Yusuf, insanlarla kolay iletişime geçer, toplumun değişik katmanlarındaki insanlarla muhabbet ederdi. Fakültede profesörle konuşurken, sınıfta ilkokul çocuklarına ders anlatırken, akraba meclisinde sohbet ederken, televizyonda milyonlarca insana hitap ederken herkesin anlayacağı bir dil kullanırdı. Espri yapmak, nükteli konuşmak en başat özelliğiydi. Onunla konuşurken kendinizi bir komedi filminin içinde veya bir standup gösterisinde hissederdiniz. Karşısındakini ezmez, geniş yüreğiyle kuşatırdı. Güler yüzlü ve cana yakın olduğu için çok seveni vardı. Yusuf’u iğreti bulan, ondan hazzetmeyen birini göremezdiniz.

Konuşurken ayetlerden ve hadislerden deliller getirerek konuşur, fikirlerini Kur’an-ı Kerim’den ve Peygamberimiz’in hayatından örneklerle güçlendirirdi. Sahabenin hayatı onun için mihenk taşıydı. Öğrenci evinde güreş yaparken altta kalınca işi espriye vurur, rakibinin altında işaret parmağını havaya kaldırarak “ehad ehad” diyerek Yasir ailesinin müşriklere direnen imanını tebessüm ve hüzünle karışık bir duyguyla hatırlatırdı.

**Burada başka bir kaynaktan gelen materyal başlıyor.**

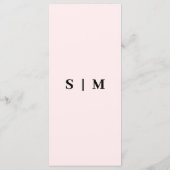 Modern Minimalist Ik spion bruiloft spel Foto's de Menu (Achterkant)
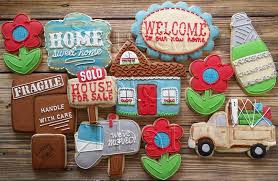 Housewarming Gift House Warming Gifts Sugar Cookies Decorated Cookie House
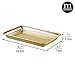 mDesign Metal Storage Organizer Tray for Bathroom Vanity Countertops, Closets, Dressers - Holder for Watches, Earrings, Makeup, Reading Glasses, Perfume, Guest Hand Towels, Soft Brass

90’lı yıllarda yaklaşık 40 üniversite öğrencisi trenle Konya’ya gitmiş ve Saffet BAKIRCI Hocanın sohbetine katılmıştık. Saffet BAKIRCI, bize neden Konya’ya geldiğimizi sorduğunda gezmek için geldiğimizi söylemiştik. Saffet Hoca eleştirel bir tavırla, Konya’da gezeceğimize Bakara’da gezmemizi, Al-i İmran’da gezmemizi söyledi. Bunun üzerine Yusuf söz alarak “De ki: Yeryüzünde gezip dolaşın da öncekilerin sonunun nasıl olduğuna bir bakın!” ayetini okudu. Konya’da gezmenin de bu anlamda bir ibadet olacağını ifade edince Saffet Hocayla kısa bir polemik yaşamıştı.  

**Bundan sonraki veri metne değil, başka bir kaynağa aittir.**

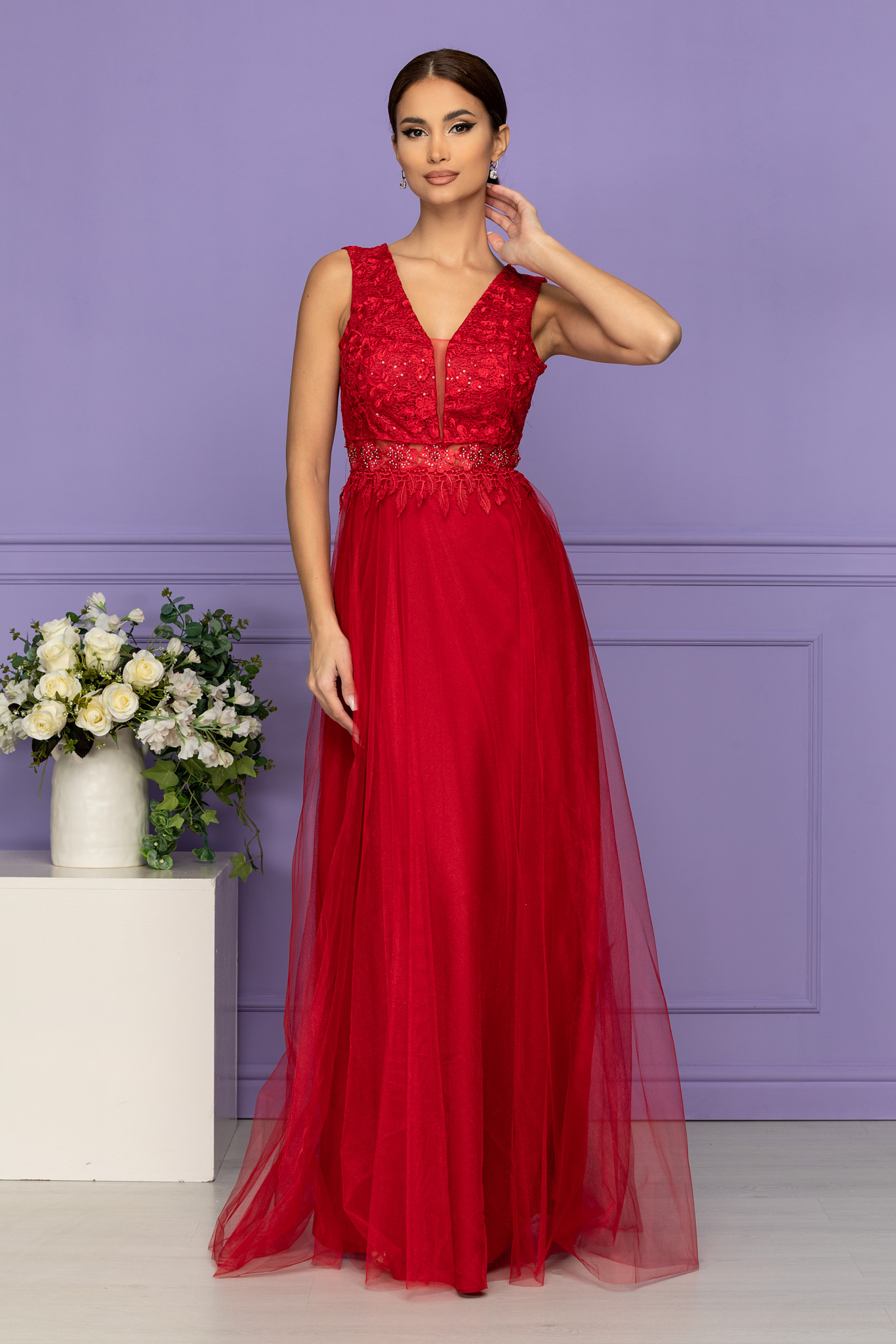 Rochie havana rosie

O, her haliyle tam bir Adanalıydı. Tarzıyla, şivesiyle Çukurova’nın kavruk insanının özelliklerini üzerinde taşırdı. İstanbul’da üniversite bitirmiş ve yüzlerce kitap okumuş olmasına rağmen doğallığını ve mütevaziliğini hep korudu. Üniversiteden sonra kendisini ziyaret için Adana’ya gittiğimde beni otogardan bir mobiletle almış, Adana’nın sıcak asfaltında iki tekerle gezmiş, gece evin damında yıldızların altında uyumuş ve üç öğün Adana kebabı yemiştik.

Şanlıurfa’da başladığı öğretmenlik görevini Sakarya’da sürdürmek istiyordu. Yıllar önce ayrıldığı İstanbul’a biraz daha yakın olup tebdil-i mekân için Marmara Bölgesi’ne gelmişti. Sakarya’ya gelir gelmez sivil toplum kuruluşlarıyla irtibata geçmiş ilim ve irşat faaliyetlerini çeşitli vesilelerle sürdürmüştü. Vefat etmeden önce okulda gençlerle vakit geçiriyor oluşu onun hayatının bir özetiydi. İnsanlarla ilgilenmek onları hayra ve Hak’ka davet etmek hayatının vazgeçilmez parçasıydı.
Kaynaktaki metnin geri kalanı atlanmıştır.